La nostra colonia di internati è variamente composta: siamo tre famiglie di ebrei: Fleischmann, Degen e Billig, una famiglia di inglesi, Osmo-Morris, altre due signore inglesi, e un paio di confinati politici, come Giordano Bruno, un toscano ex-combattente di Spagna, e uno slavo, Dussan.
Il nostro tempo lo passiamo in modo abbastanza monotono, ma sano: di mattina si fanno delle visite qua e là, alle undici c’è l’appello alla tenenza dei carabinieri. Escono, ci guardano, qualche volta ci contano e poi dicono: «Beh! Andate pure».
Al pomeriggio facciamo delle passeggiate sulle colline circostanti, per gole, boschetti e strade, sebbene ci sia proibito uscire oltre le ultime case del villaggio. Ma i carabinieri dicono che siamo pure uomini, e non bestie da tenere in gabbia. (…)

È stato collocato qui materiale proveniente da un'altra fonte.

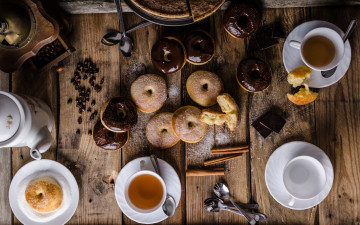 Картинка еда разное глазурь кофейные зерна шоколад пончики корица пирог чай выпечка сахарная пудра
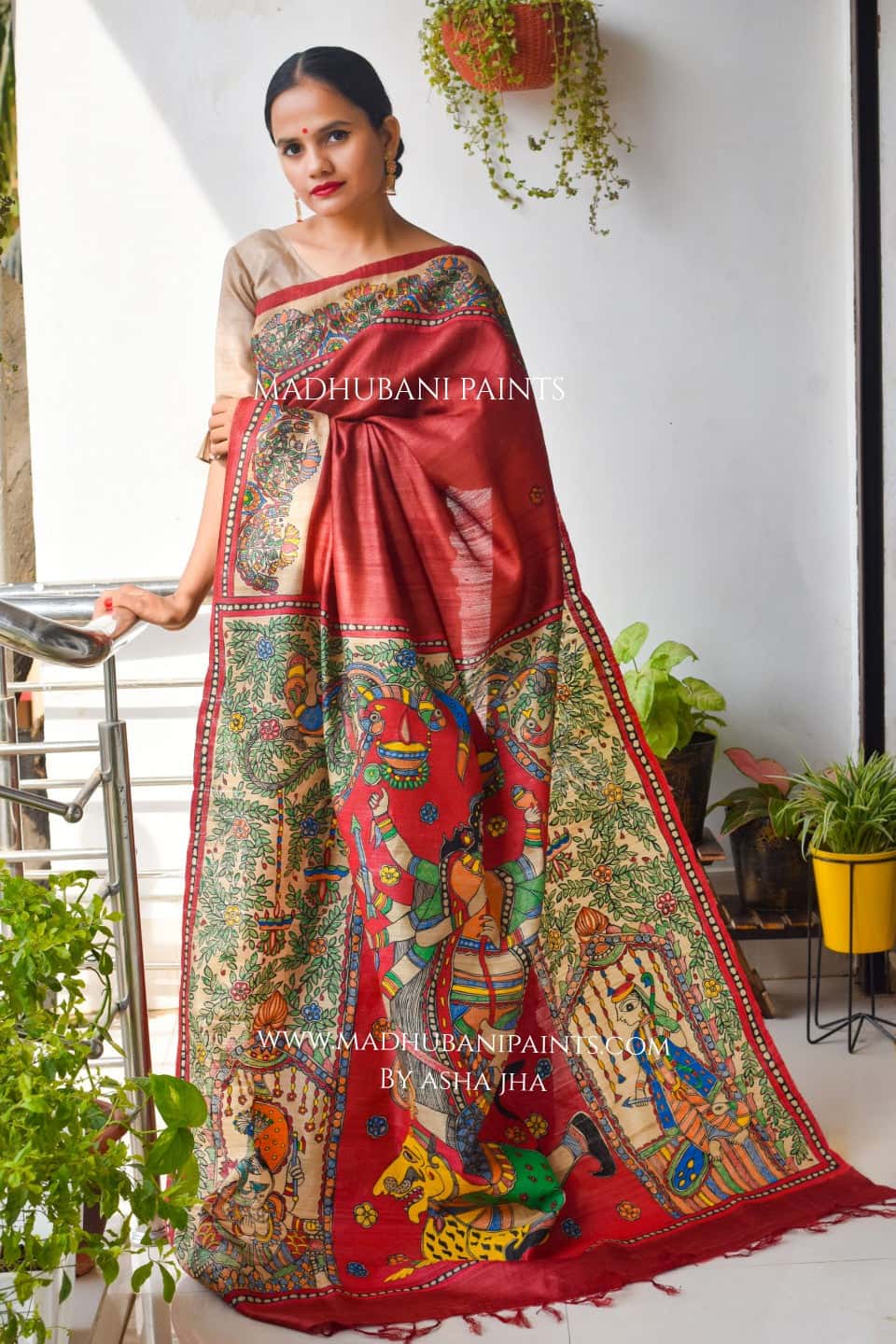 'MAHISASUR MARDINI' Handpainted Tussar Silk Saree — image 6 of 8
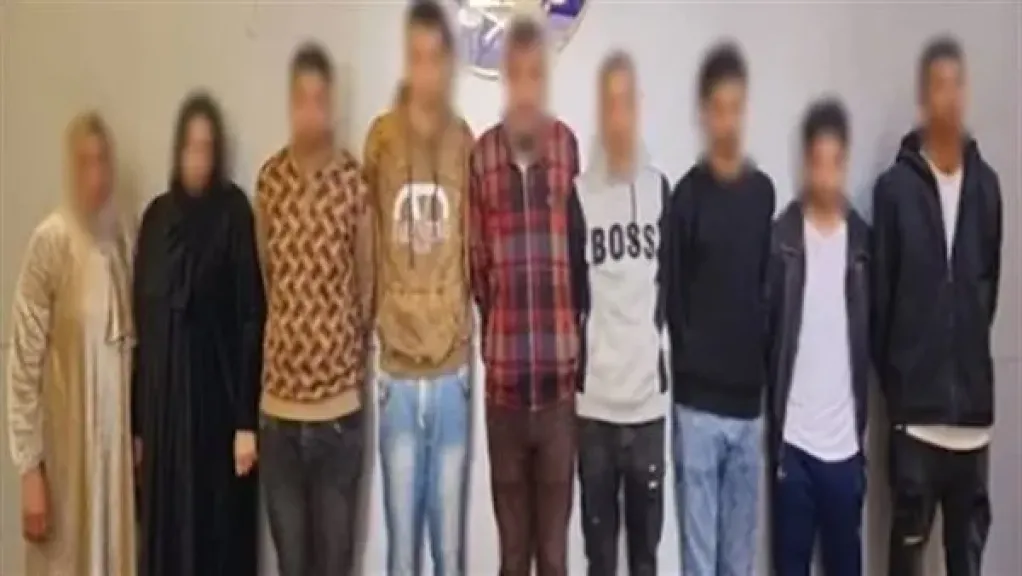 المتهمين 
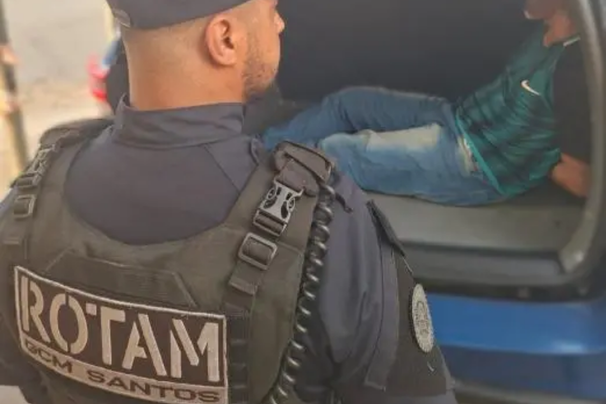 homem se passa por passageiro e ameaca taxista com canivete em santos nesta segunda 1708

E viviamo così, in una casa di contadini, nella parte bassa e nuova di Navelli, lungo la strada per Capestrano, tra montagne e gente primitiva, tra campi e pecore che vanno al pascolo. E con l’appello giornaliero».

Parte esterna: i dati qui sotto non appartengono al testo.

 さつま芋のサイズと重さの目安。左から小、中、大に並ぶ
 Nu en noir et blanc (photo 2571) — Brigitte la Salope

Quelle che avete ascoltato sono le parole dell’adolescente Luigi Fleischmann che con sguardo attento e curioso, subito dopo la Liberazione, scrisse la storia della sua famiglia durante la Seconda guerra mondiale: dall’internamento a Navelli ai rastrellamenti fino alla partecipazione alla lotta partigiana e alla Liberazione.

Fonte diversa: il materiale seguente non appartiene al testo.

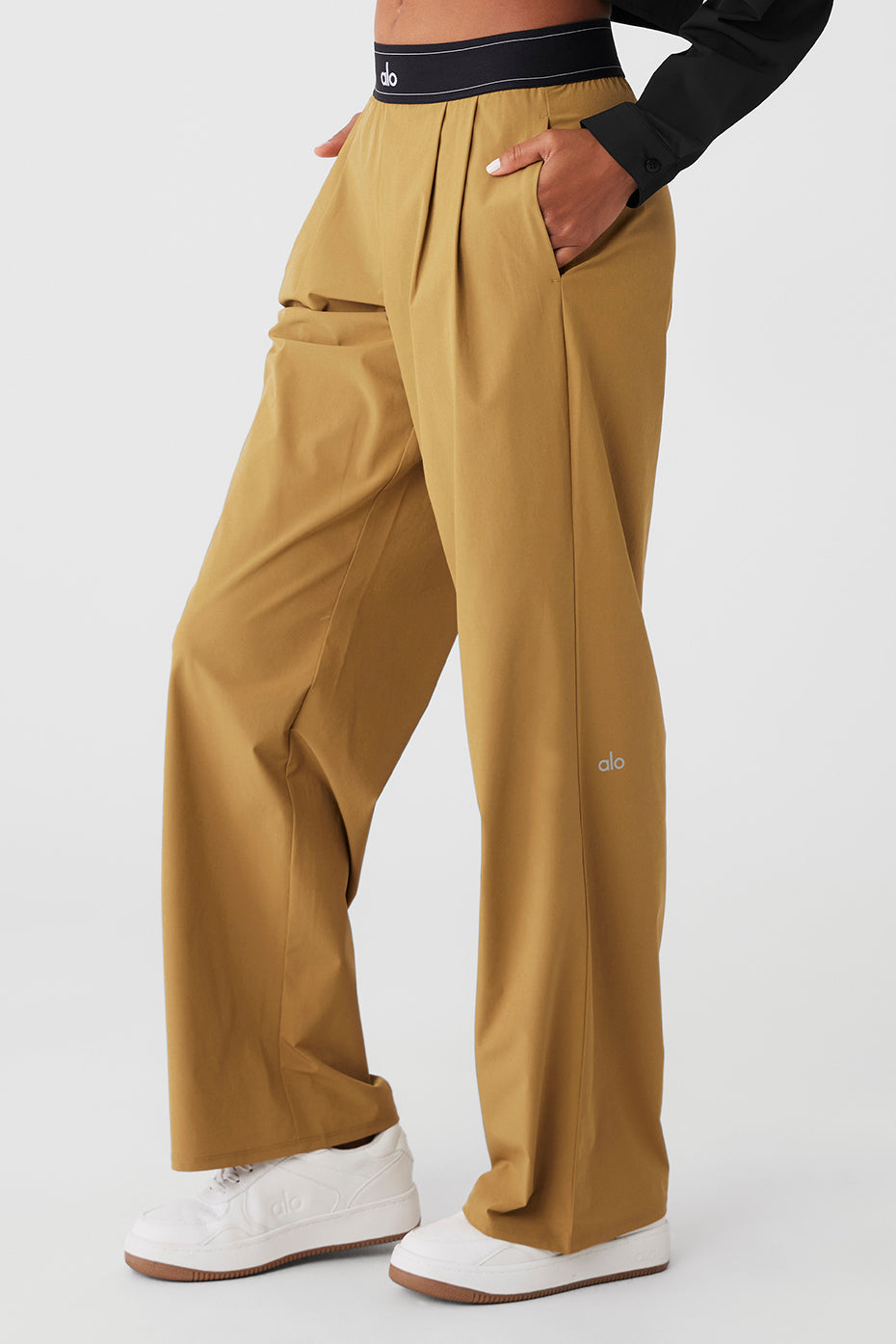 Suit Up Trouser - Golden Olive Branch/Black
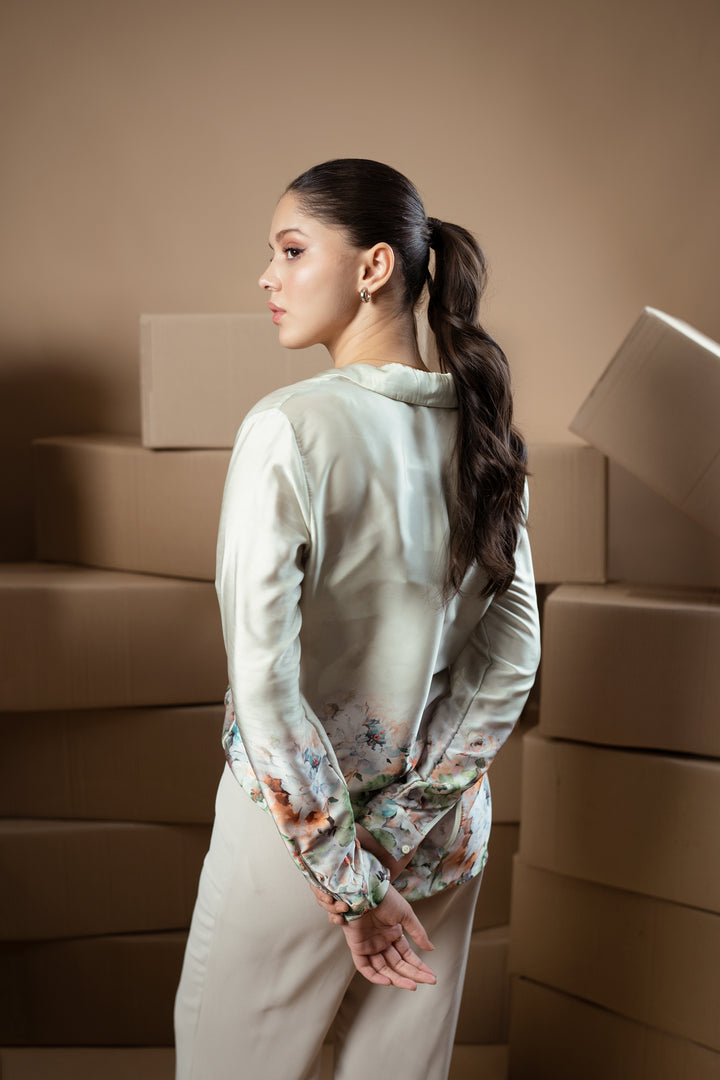Art Eyes Floral Satin Button Up - Licci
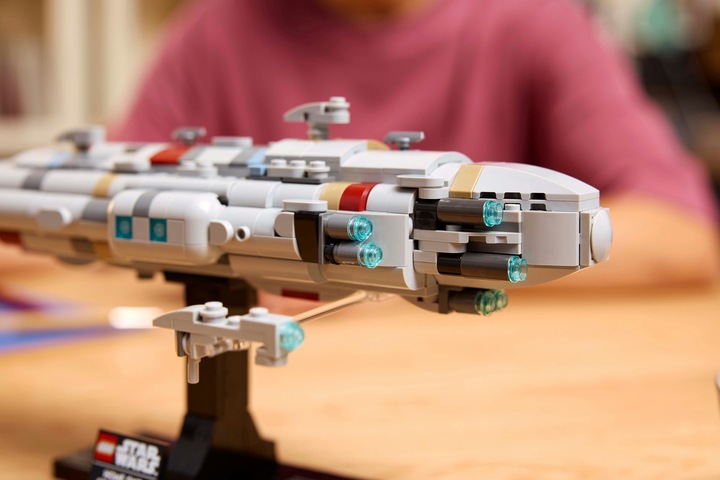 Actual product image LEGO Sternkreuzer Heimat Eins (75405, LEGO Star Wars)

Luigi Fleishman nacque a Fiume nel 1928 in una famiglia ebraica proveniente in parte dalla Moravia e in parte dall’Austria. Il padre era cantore del Tempio Maggiore e segretario della comunità ebraica di Fiume. Quando la città fu annessa all’Italia, la famiglia Fleischmann acquisì la cittadinanza italiana e con questa pian piano anche la lingua e la cultura del Paese. Tuttavia, nel 1939 le autorità italiane tolsero loro la cittadinanza lasciandoli apolidi e con l’entrata in guerra dell’Italia nel 1940, divennero passibili di internamento in uno dei remoti luoghi d’Italia. Dopo vari spostamenti, nel maggio del 1942, il padre fu trasferito in provincia dell’Aquila in un paesino chiamato Navelli, non lontano dal massiccio del Gran Sasso, dove lo raggiunsero la moglie e i figli. Luigi era un quindicenne triste e annoiato e l’internamento gli impediva di svolgere le attività di ragazzo e di passeggiare al di là dell’area delimitata.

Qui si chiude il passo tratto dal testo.